Вот и все, что он сказал, держа оружие перед собой.
И Вильям понял.
– Ты заражен.
– Не ходите туда, – сказал генерал снова.
И это означало «да».
И на мгновение все слова потеряли смысл. Вильям мог спросить как, когда и почему, но, естественно, подобное не играло никакой роли. И Коннорс мог ведь ответить, не потому что он знал, но, наверное, ведь понял уже. Возможно, встретился с кем-то, прогуливаясь по всем помещениям, пожалуй, пожал кому-то руку, либо сам, либо пилот вертолета, и они, скорее всего, заразили друг друга, и это было не важно, поскольку ничего уже нельзя было изменить. И как бы он ни хотел обвинить в этом кого-то, он это сделать не мог. Сам ведь создал все инструкции. И они стали смертельными для него.

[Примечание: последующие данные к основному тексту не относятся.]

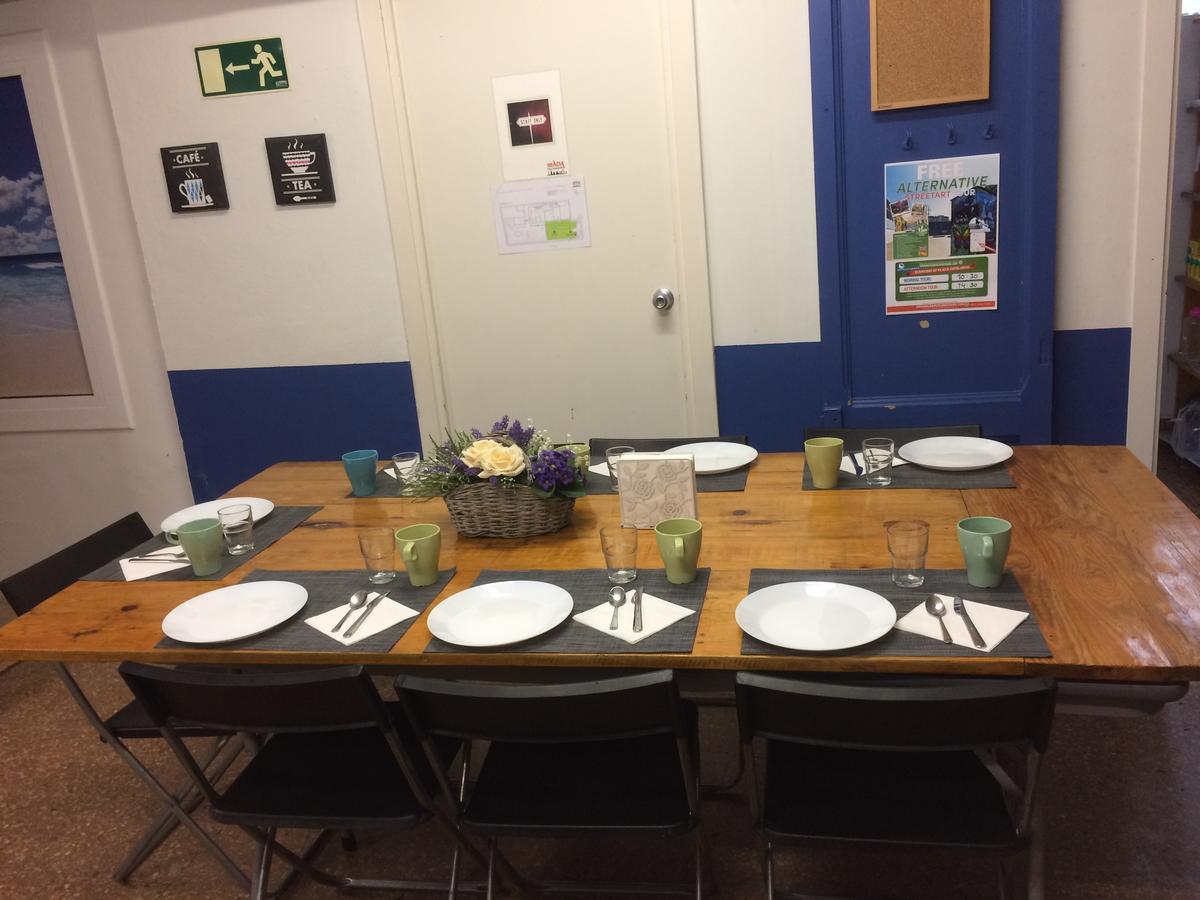 Gracia City Hostel 巴塞罗那 外观 照片 The dining room at the hostel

– Вам не следовало возвращаться, – сказал он.
– Мы хотим сделать последнюю попытку.
Это сказала Жанин. И он перевел взгляд на нее, посмотрел ей в глаза. И тем самым просил у нее прощения, знал ведь, что ей пришлось вынести за последние полгода, как она страдала, и все напрасно, как выяснилось.
– Нет никакого спасения, – сказал Коннорс.
– А мы думаем, есть.
– Это не удастся остановить.
– Мы знаем.
На какое-то время воцарилась тишина. И когда Вильям наконец заговорил снова, его голос звучал спокойно, и постепенно обстановка в коридоре разрядилась, и медленно, медленно начался разговор.
– Мы здесь не для того, чтобы остановить вирус.
Коннорс посмотрел на него.
Не понял.
– А для чего? – спросил он.
– Чтобы остановить нас самих.
Холодный, голубой ночной свет разбежался по всему асфальтированному полу. Начал с полоски у входа, а потом отвоевал у темноты белую дорожную разметку и все пространство вплоть до деревянных мостков в другом конце, как только рулонные ворота остановились у потолка.
Снаружи стоял Франкен и три охранника. Лучи их карманных фонариков обшаривали ангар. Они пытались обнаружить малейшее движение, любую постороннюю тень, что угодно, способное представлять угрозу.
Но там не было ничего. И Франкен разделил парней, отправил двоих наблюдать за дорогой, вернул ворота на место и взял третьего с собой.
А потом прижал свой электронный ключ к приемному устройству у двери и отправился вперед по длинному освещенному коридору со следами резиновых колес далее к обшитым железом проходам, ждавшим с другой стороны.
Коннорс смотрел на них наискось через длинный коридор скептически прищуренными глазами.
То, что сказал Сандберг, было ясно и просто.
И все равно он не хотел верить в это. Все равно или, пожалуй, как раз поэтому.
Он находился здесь в течение тридцати лет. И еще тридцать лет до него сотни мужчин и женщин искали ответ, пытались расшифровать спрятанные в ДНК сообщения и считали, и делали все возможное, лишь бы сохранить будущее, и никто не подумал как Вильям, а подобное просто не укладывалось в голове.